Recuerdo que encontraron serios problemas para encontrar una casa. Es cierto que el mercado de alquiler es allí muy duro y que no es infrecuente para los inmigrantes tener que adelantar seis, y hasta ocho meses de renta para poder acceder a un hueco en la gran manzana. Pero este no era el problema a que se enfrentaban nuestros amigos.
Los caseros eran renuentes a alquilarles precisamente por el hecho de que él trabajara en una embajada. Gozaba de inmunidad diplomática y si quisiese podría dejar de pagar; nada podría hacer el dueño para hacer cumplir el contrato. Es más, los dueños no tenían que recurrir a la imaginación para plantearse esa situación, sino a la memoria. Había ocurrido varias veces, aunque, claro está, jamás con un diplomático español.
Cuando me contó sus dificultades para encontrar piso me acordé de Bruno Leoni. En su libro La libertad y la ley (para el que inventaría nuevas palabras si fuese necesario con tal de recomendar su lectura), cuenta un caso homólogo, aunque de una época y de un lugar muy alejados. Fue uno de esos tropezones del Derecho Romano que le hicieron crecer a base del viejo método de la prueba y el error.
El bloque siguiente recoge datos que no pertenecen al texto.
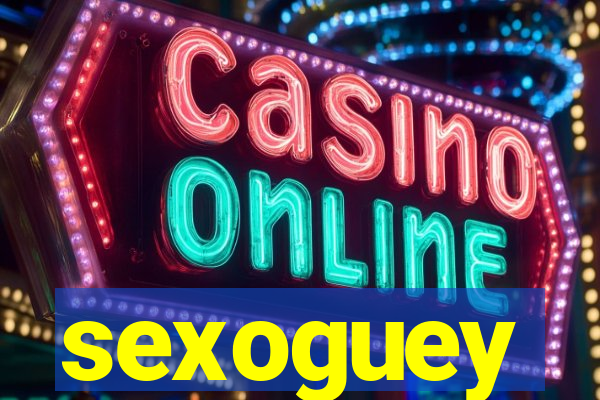 sexoguey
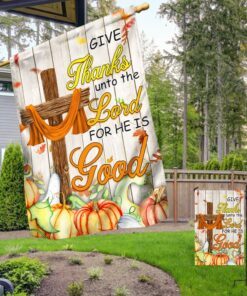 fall thanksgiving autumn harvest give thanks unto the lord for he is good flag mln570f 4534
Es, al fin, un derecho consuetudinario, que recoge el poso de la experiencia de siglos, destilado por el buen sentido y la sabiduría de los jurisconsultos.
Lo que ocurrió, según cuenta Leoni, es que los romanos observaron que la opinión de las mujeres, que tenían en sus manos una parte importante de la propiedad, era mudable. Y decidieron concederles el privilegio de deshacer un contrato si, después de haberlo firmado, cambiaban de parecer. Lo que ocurrió fue que nadie, y no sólo los hombres, quería firmar un contrato con ellas.
Se ve que en ocasiones los privilegios resultan contraproducentes.